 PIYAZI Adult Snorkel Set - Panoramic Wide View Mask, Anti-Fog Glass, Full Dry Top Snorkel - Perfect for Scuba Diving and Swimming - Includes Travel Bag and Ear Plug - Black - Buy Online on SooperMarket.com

--

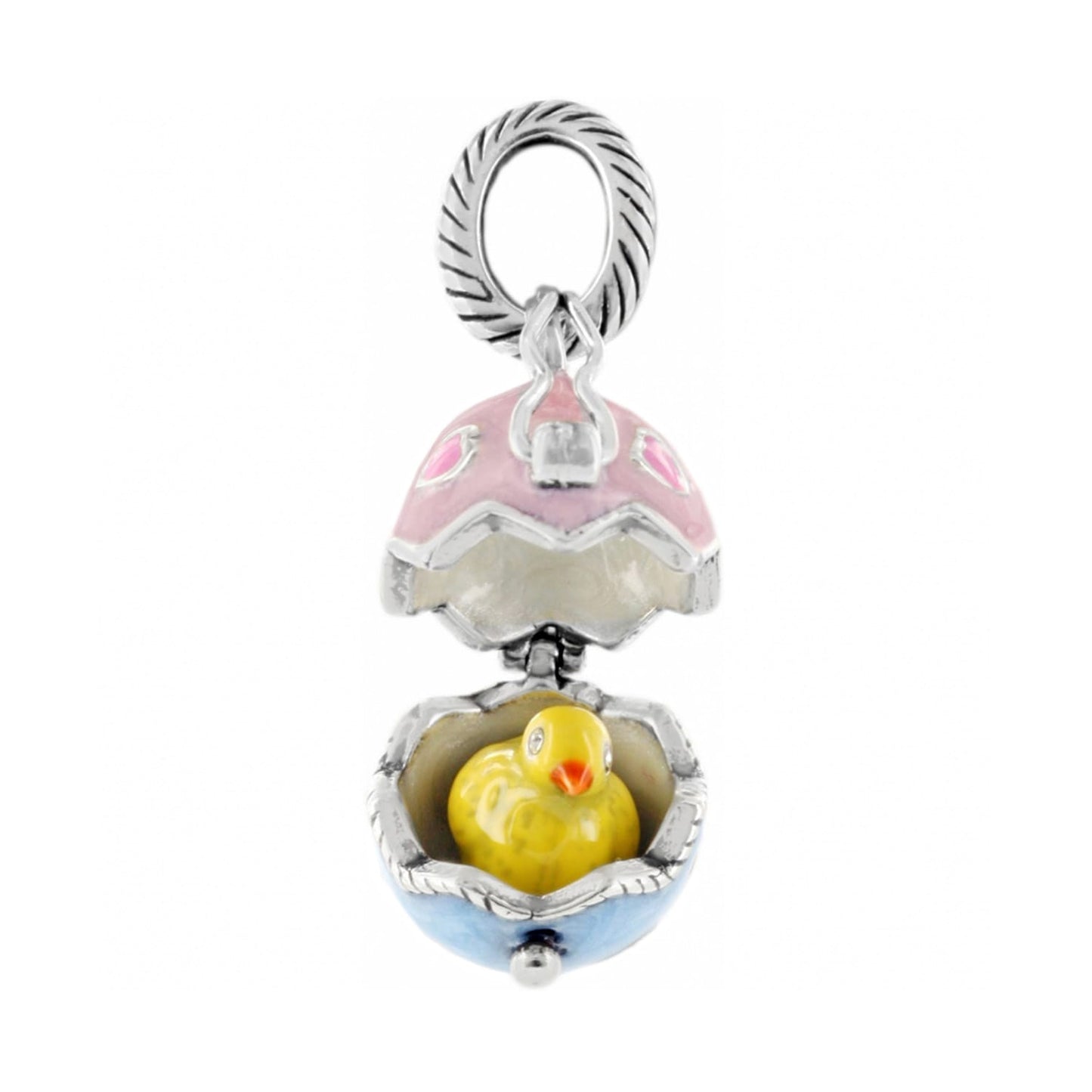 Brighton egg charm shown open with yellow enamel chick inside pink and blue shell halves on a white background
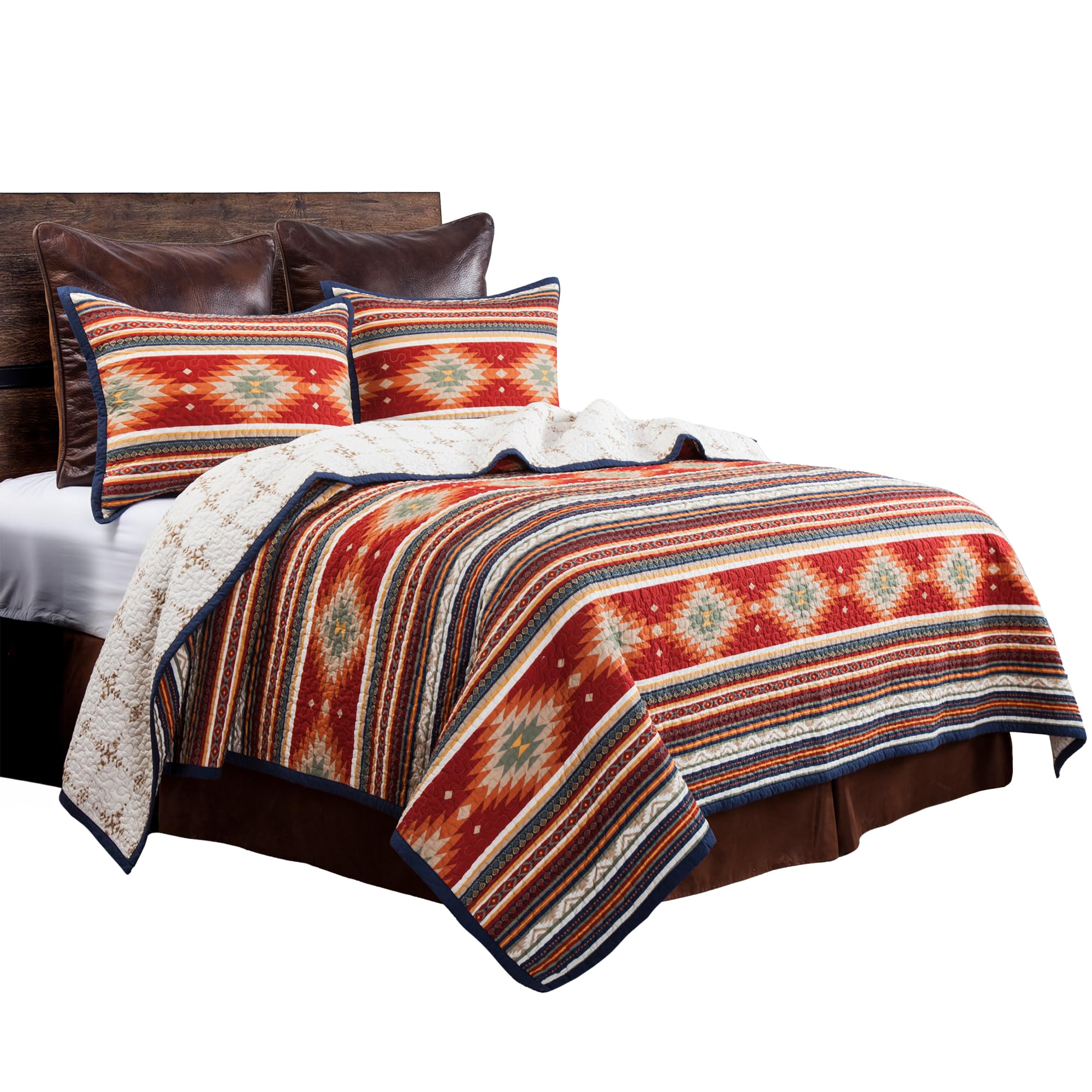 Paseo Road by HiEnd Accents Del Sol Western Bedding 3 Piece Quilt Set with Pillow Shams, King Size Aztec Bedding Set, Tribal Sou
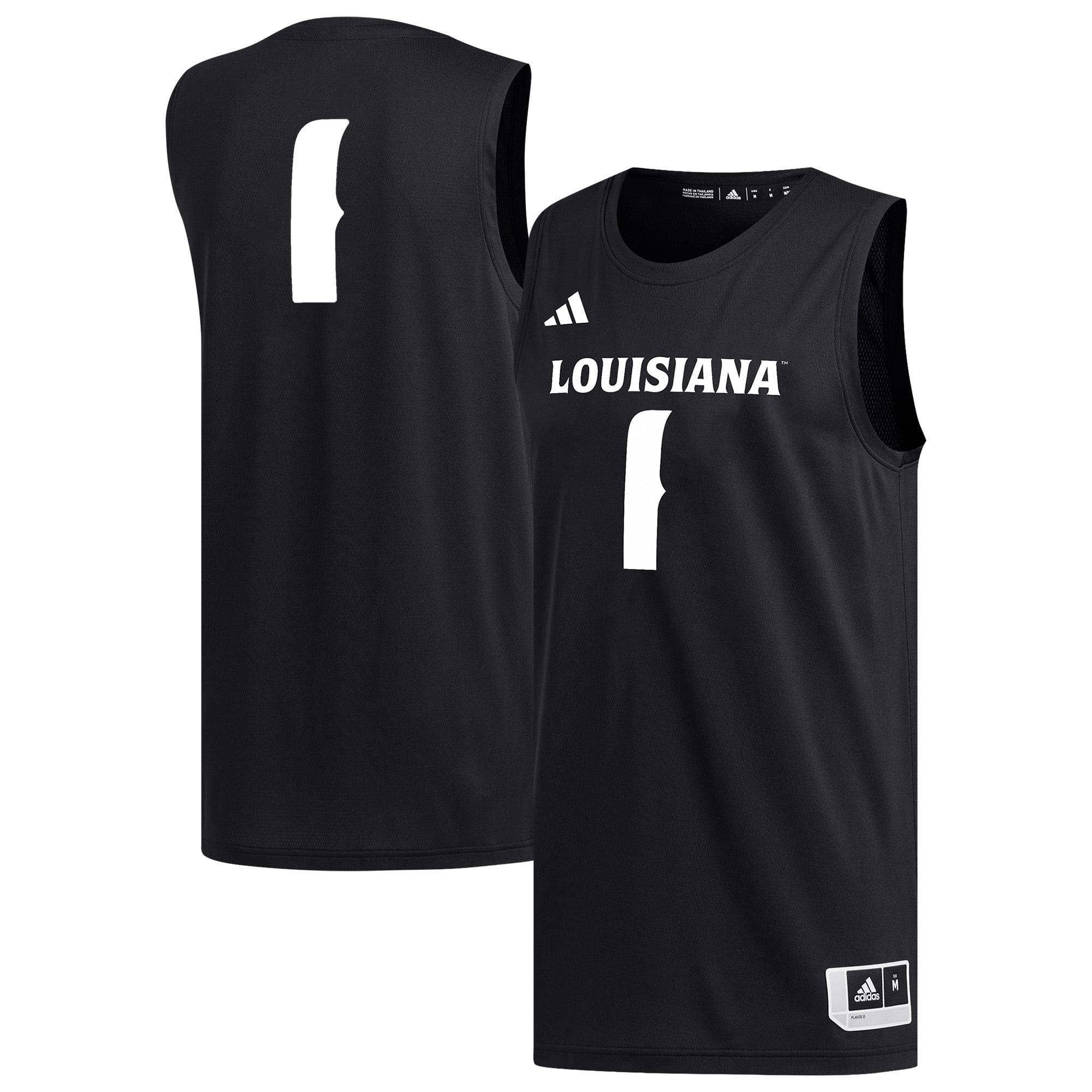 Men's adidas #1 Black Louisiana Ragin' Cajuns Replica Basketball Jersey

==

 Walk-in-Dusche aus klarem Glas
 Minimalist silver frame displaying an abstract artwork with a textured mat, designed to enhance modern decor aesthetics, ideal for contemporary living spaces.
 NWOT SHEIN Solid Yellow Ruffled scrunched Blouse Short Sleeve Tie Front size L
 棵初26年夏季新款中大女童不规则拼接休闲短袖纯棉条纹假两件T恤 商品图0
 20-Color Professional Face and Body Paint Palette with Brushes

What the task asks:
Please copy the lines in the records above between the one holding "NWOT SHEIN Solid Yellow" and the one holding "20-Color Professional Face", inclusive, exactly and with no other line.

Answer section:
 NWOT SHEIN Solid Yellow Ruffled scrunched Blouse Short Sleeve Tie Front size L
 棵初26年夏季新款中大女童不规则拼接休闲短袖纯棉条纹假两件T恤 商品图0
 20-Color Professional Face and Body Paint Palette with Brushes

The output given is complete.